Na wczorajszej sesja rady powiatu kraśnickiego sporo uwagi poświęcono napaści Rosji na Ukrainę, a także pomocy uchodźcom. Posiedzenie rozpoczęło się od hymnu państwowego, zaraz po nim radni uczcili minutą ciszy ofiary wojny. Starosta Andrzej Rolla opisał radnym podejmowane przez samorząd działania. Mówił o transportach z pomocą humanitarną wysyłanych na Ukrainę – było ich już 10, czy też utworzonych z myślą o uchodźcach miejscach noclegowych. Dziękował mieszkańcom powiatu i przedsiębiorcom za okazane uciekającym przed wojną wsparciu.

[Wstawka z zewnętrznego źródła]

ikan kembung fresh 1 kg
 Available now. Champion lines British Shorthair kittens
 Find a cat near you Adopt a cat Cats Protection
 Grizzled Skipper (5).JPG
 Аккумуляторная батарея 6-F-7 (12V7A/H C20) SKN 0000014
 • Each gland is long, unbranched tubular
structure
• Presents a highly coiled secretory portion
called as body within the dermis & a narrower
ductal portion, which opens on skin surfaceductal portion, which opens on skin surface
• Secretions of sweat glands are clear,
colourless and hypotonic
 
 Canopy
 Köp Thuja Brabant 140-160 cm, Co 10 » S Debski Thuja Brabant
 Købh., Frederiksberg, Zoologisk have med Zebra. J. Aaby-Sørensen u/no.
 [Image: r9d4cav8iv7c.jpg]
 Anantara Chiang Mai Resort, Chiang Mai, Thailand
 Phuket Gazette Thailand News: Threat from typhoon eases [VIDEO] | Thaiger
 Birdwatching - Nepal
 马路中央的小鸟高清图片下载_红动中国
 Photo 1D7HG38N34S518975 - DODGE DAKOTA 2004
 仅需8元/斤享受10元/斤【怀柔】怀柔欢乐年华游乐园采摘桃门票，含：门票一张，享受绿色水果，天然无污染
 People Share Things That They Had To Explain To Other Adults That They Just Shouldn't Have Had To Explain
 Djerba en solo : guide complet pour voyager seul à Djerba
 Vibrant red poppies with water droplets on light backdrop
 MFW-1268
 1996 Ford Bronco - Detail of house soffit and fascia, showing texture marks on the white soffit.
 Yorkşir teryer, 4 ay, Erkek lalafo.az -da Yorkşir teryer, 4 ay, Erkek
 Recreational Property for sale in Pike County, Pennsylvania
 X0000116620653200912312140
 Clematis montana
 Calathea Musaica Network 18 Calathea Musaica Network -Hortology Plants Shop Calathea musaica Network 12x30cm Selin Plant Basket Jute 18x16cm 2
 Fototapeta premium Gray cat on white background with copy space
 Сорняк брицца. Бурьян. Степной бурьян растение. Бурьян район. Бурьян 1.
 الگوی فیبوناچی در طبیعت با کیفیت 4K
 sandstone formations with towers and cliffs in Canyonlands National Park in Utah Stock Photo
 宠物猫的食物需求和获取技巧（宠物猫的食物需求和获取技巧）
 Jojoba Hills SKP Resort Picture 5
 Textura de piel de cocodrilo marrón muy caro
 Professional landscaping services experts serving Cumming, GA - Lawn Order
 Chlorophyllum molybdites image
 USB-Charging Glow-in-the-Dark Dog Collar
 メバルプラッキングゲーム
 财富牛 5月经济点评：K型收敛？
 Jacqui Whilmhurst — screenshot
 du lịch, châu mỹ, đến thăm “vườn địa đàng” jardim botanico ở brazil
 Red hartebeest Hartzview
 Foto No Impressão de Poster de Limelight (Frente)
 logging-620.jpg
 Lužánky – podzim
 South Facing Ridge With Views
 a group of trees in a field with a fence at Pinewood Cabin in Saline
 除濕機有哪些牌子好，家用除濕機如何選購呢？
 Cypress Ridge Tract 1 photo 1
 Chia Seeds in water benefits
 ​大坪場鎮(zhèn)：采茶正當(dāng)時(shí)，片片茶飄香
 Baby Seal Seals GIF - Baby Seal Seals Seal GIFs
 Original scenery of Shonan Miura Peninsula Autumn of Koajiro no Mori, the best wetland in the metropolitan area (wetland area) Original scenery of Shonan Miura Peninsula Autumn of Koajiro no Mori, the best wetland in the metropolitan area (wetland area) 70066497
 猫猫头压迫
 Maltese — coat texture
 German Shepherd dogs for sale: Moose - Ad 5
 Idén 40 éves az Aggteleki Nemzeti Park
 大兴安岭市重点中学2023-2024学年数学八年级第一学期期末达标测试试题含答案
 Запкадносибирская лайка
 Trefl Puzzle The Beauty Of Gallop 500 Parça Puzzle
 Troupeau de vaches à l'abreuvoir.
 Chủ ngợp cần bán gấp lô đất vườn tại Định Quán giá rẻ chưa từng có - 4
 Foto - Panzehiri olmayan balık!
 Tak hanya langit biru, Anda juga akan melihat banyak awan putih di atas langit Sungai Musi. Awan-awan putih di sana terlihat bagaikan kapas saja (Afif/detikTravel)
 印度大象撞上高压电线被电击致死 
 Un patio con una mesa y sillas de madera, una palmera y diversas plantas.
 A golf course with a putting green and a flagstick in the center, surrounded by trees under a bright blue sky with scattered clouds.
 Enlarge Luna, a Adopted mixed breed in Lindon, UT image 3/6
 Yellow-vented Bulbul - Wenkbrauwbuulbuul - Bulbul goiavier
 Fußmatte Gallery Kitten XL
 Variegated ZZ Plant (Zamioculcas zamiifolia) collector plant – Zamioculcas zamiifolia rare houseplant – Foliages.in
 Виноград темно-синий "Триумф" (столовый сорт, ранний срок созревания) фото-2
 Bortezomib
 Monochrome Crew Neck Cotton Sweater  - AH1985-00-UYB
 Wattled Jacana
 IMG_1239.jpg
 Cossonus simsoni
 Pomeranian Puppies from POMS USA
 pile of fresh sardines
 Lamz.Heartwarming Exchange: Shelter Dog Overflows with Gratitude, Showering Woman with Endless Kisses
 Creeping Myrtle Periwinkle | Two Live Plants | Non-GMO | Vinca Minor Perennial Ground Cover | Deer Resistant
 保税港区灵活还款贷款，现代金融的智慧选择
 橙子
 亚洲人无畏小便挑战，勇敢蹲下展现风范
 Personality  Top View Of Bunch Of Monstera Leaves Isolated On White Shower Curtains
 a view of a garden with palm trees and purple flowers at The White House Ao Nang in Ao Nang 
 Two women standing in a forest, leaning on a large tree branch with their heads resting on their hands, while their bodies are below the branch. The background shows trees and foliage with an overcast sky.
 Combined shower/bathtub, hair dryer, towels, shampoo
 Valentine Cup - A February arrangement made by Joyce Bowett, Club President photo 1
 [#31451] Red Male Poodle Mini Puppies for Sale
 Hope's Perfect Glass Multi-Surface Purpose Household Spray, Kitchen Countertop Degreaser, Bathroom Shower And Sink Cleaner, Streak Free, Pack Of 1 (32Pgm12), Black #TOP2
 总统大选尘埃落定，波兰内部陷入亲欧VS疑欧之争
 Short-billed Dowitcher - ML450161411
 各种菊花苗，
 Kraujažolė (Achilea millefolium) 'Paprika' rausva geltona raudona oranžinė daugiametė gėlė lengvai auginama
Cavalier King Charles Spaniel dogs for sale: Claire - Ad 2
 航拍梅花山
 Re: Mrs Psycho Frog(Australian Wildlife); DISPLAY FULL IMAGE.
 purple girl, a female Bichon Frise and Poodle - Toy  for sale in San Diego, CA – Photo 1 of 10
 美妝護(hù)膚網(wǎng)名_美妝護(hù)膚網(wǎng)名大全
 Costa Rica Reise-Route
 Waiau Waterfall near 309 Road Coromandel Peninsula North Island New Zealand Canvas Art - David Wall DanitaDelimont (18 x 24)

Wśród wypowiadających się radnych był m.in. Roman Bijak, który należy do Prawa i Sprawiedliwości, choć do klubu radnych PiS już raczej nie – tak przynajmniej wynika z informacji na stronie internetowej powiatu.
– My wszystko robimy z empatią – mówił radny. – Pomagamy Ukraińcom, ale świat inaczej podchodzi do tej kwestii niż Polska – patrzy, ile zarobi i jakie będzie mieć zyski – ocenił radny. Po chwili zaproponował: – Myślę, że jako radni też możemy pomóc. Mam taką propozycję, żeby zrobić zbiórkę po 500 zł od radnych, od członków zarządu po 1000 zł, a od starostów po 2 tys. zł na Ukrainę. Myślę, że możemy zrobić taki gest. Pieniądze się przydadzą np. na leki.
– To była spontaniczna propozycja – mówi w rozmowie z Dziennikiem radny Bijak. – Co do kwot jest tylko taka moja propozycja. Starosta zarabia niemało (po podwyżce 20 130 zł, wicestarosta ok. 13 tys. zł – red.), diety radnych są niższe (ok. 1800 zł), stąd to zróżnicowanie. Zaskoczyło mnie jednak to, że nie było żadnej reakcji – nie kryje nasz rozmówca.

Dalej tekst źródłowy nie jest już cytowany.